The career trajectory is unusual relative to peers in the field. McGrath's path runs from a PhD at Imperial College London in statistical physics through industrial research at DeepMind to a co-founded commercial venture, rather than the more common route of post-doctoral academic appointments followed by lab-internal research staff positions. The Imperial-to-DeepMind-to-startup arc has fewer parallels than the Anthropic and OpenAI alumni networks that anchor most of the comparator companies in mechanistic interpretability.

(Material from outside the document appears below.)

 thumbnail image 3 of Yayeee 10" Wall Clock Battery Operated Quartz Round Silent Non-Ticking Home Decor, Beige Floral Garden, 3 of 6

Industry coverage including the Lightspeed Venture Partners profile and the Sequoia Capital Training Data podcast episode with Eric Ho characterizes Goodfire's founding-team structure as a deliberate combination of an operating chief executive with research credentials concentrated in McGrath as chief scientist and Chris Olah as advisor, rather than as a research-led company with the chief executive as the principal scientific voice.

Outlook

Open questions over the next 6 to 18 months:

  • Goodfire research output. Whether the company's interpretability papers continue at the cadence of the Llama 3 sparse-autoencoder preview and the Intentional Design research pillar announced in February 2026, and whether the published work shapes the field's methodology in the way the DeepMind interpretability output did during McGrath's tenure there.
  • Conference and academic profile. Whether McGrath's keynote and long-form-interview record expands beyond the Cognitive Revolution podcast appearances into NeurIPS, ICML, or ICLR keynote engagements, the standard public-credentialing track for senior interpretability researchers.
  • DeepMind interpretability team continuity. Whether the Google DeepMind mechanistic-interpretability team McGrath founded continues at the research output of the McGrath-era period under successor leadership, and whether DeepMind maintains the published-research output that competes with the Anthropic Transformer Circuits Thread.
  • Commercial-research alignment. Whether the chief-scientist role at Goodfire continues to support fundamental research output, or whether the commercial pull of the post-Series B scaling phase compresses the published-research cadence as the company's product-engineering scope expands.
  • Founding-team stability. Whether the Ho, Balsam, and McGrath team remains intact through the post-Series B scaling phase, given the 2025 to 2026 pattern of senior researchers leaving frontier laboratories to found independent ventures.
  • Bridge to Anthropic interpretability. Whether the structural relationship between Goodfire and the Chris Olah advisor role at Anthropic produces published research collaborations or remains a strategic-investor and advisory relationship.